=== Section Start ===
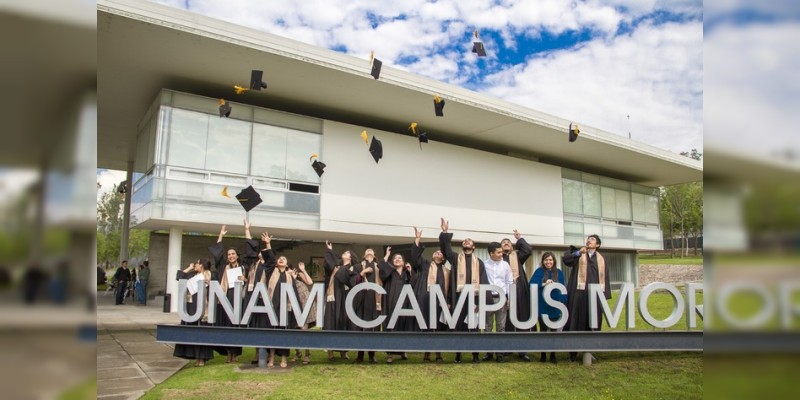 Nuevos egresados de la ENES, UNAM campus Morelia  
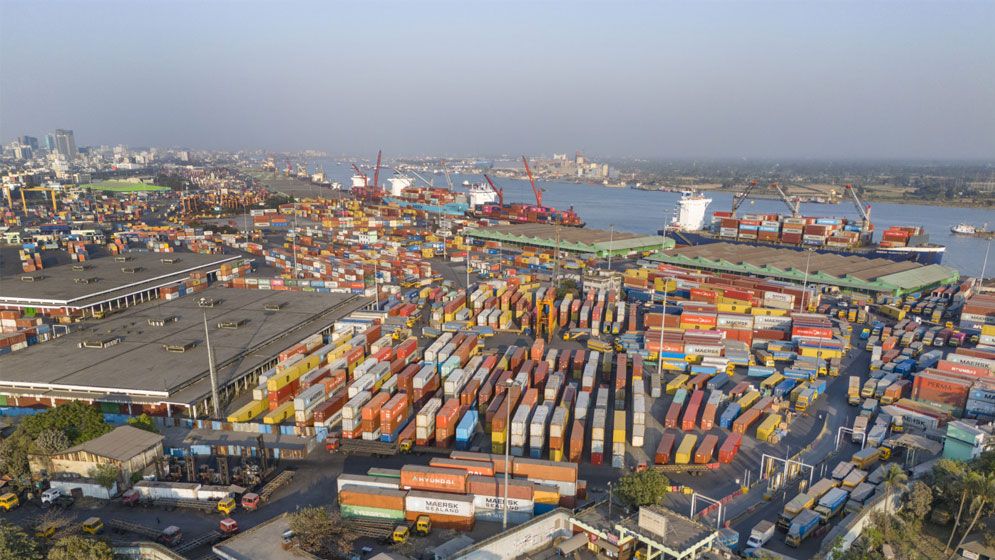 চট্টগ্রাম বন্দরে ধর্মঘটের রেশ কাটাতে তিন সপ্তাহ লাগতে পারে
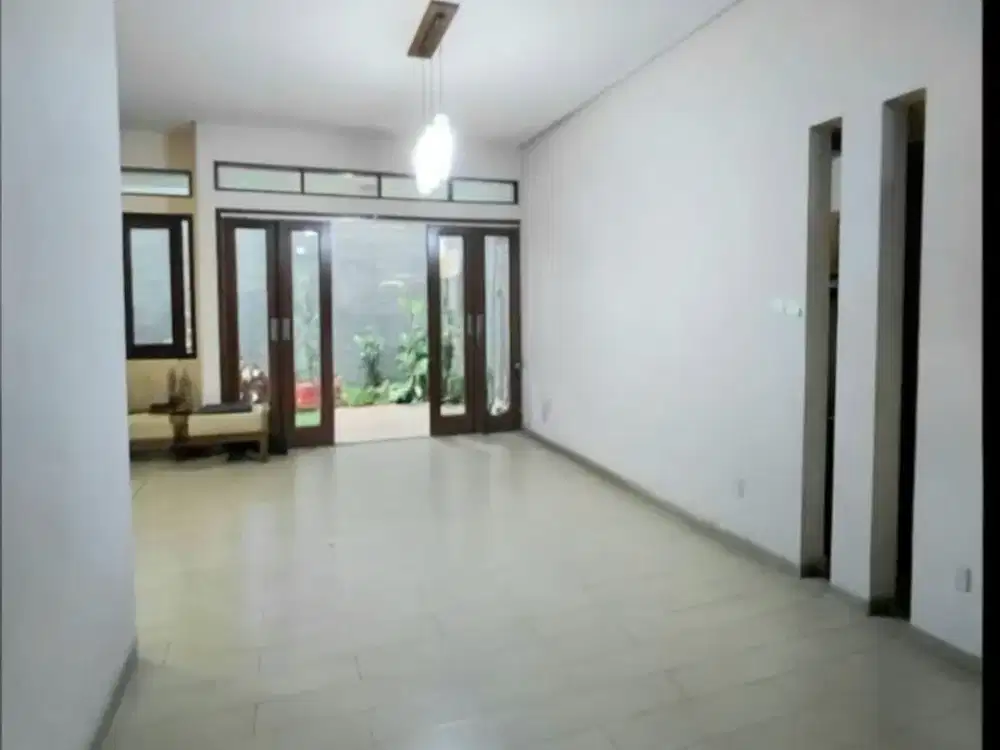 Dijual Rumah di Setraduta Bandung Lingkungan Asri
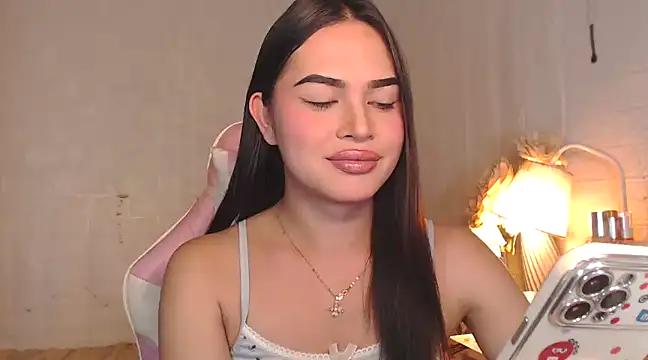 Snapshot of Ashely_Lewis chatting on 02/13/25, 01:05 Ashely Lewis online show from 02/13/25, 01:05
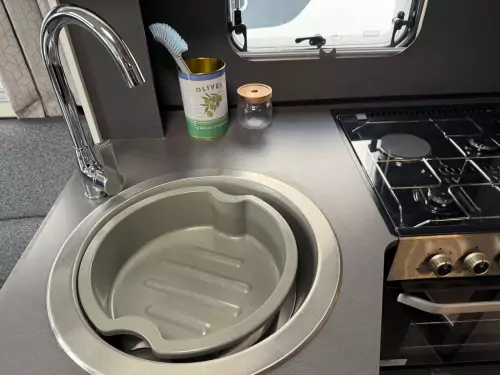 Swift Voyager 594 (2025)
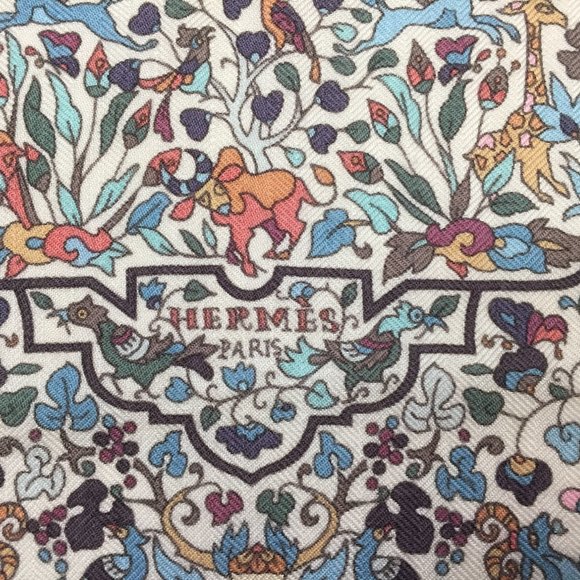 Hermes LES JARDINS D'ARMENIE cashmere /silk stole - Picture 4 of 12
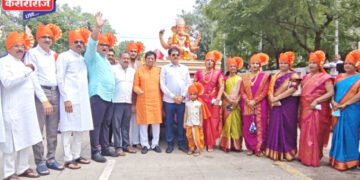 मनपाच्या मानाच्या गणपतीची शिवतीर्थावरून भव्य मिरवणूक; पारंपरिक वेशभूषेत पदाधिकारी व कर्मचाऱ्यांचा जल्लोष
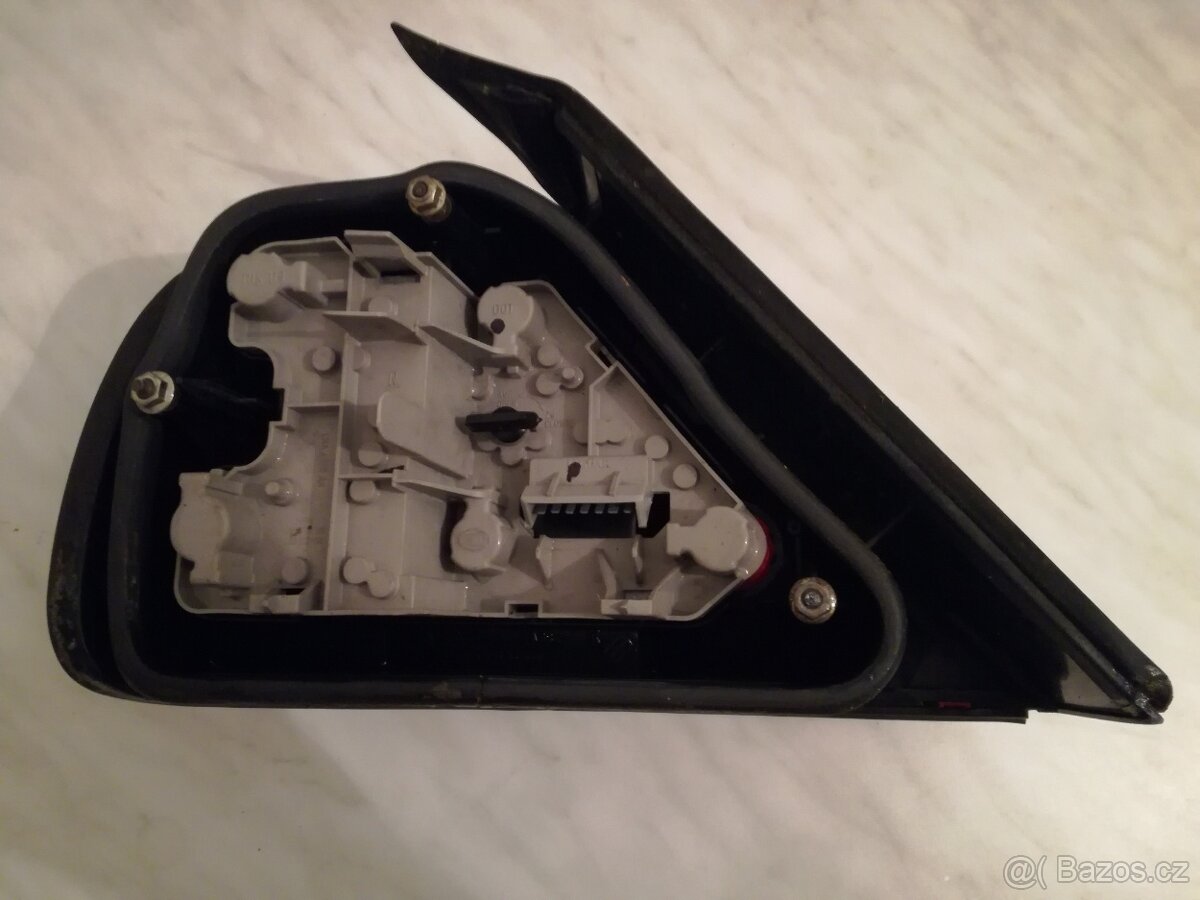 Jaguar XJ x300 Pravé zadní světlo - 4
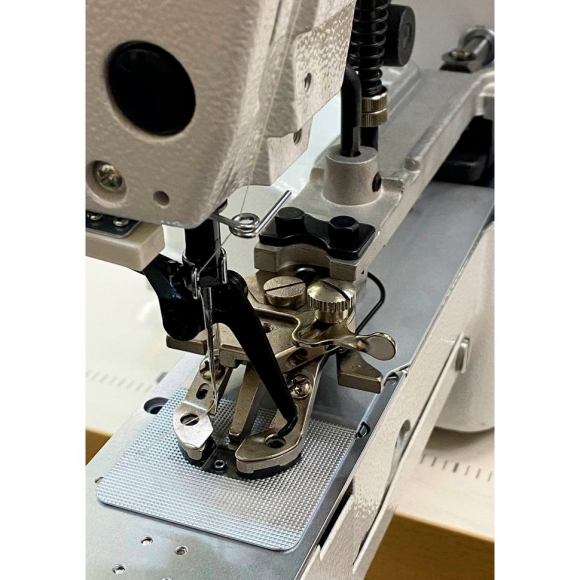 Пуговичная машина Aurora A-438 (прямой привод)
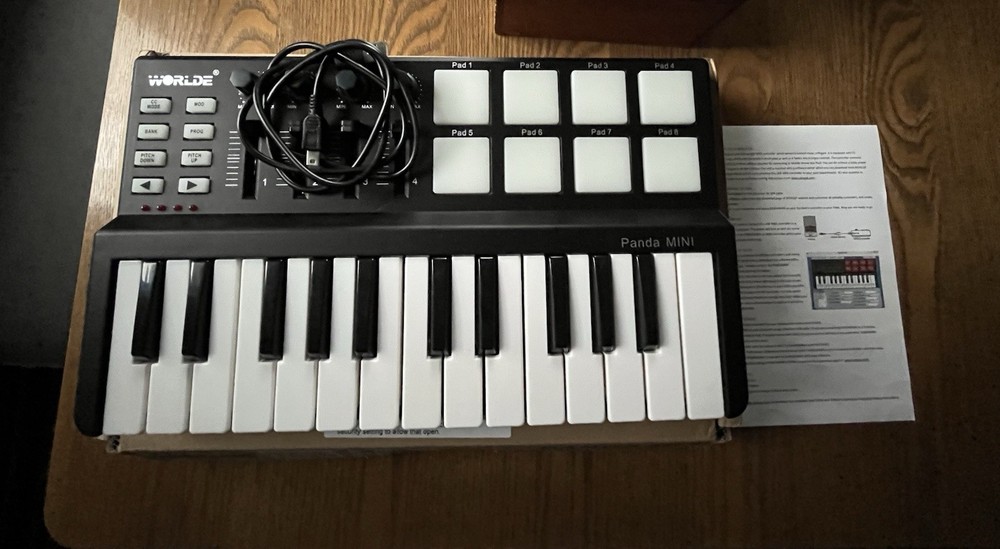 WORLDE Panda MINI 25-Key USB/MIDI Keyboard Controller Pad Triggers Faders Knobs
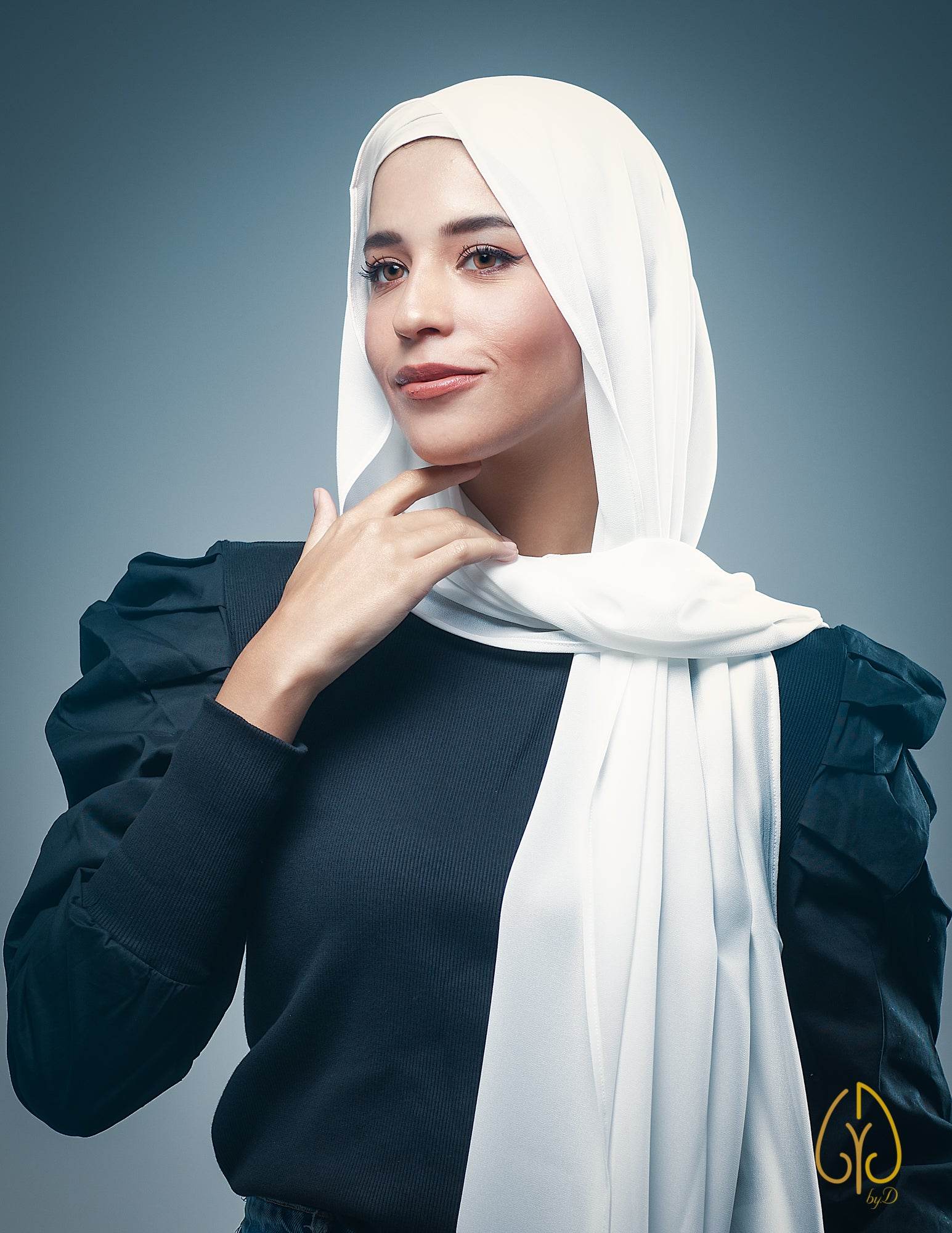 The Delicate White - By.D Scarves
=== Section End ===
● **Instructions for the task**:
Nothing but the lines from the one that contains "চট্টগ্রাম বন্দরে ধর্মঘটের" through the last line of the material should be written out, exactly. Omit pictures.

● **Output for this task**:
 চট্টগ্রাম বন্দরে ধর্মঘটের রেশ কাটাতে তিন সপ্তাহ লাগতে পারে
 Dijual Rumah di Setraduta Bandung Lingkungan Asri
 Snapshot of Ashely_Lewis chatting on 02/13/25, 01:05 Ashely Lewis online show from 02/13/25, 01:05
 Swift Voyager 594 (2025)
 Hermes LES JARDINS D'ARMENIE cashmere /silk stole - Picture 4 of 12
 मनपाच्या मानाच्या गणपतीची शिवतीर्थावरून भव्य मिरवणूक; पारंपरिक वेशभूषेत पदाधिकारी व कर्मचाऱ्यांचा जल्लोष
 Jaguar XJ x300 Pravé zadní světlo - 4
 Пуговичная машина Aurora A-438 (прямой привод)
 WORLDE Panda MINI 25-Key USB/MIDI Keyboard Controller Pad Triggers Faders Knobs
 The Delicate White - By.D Scarves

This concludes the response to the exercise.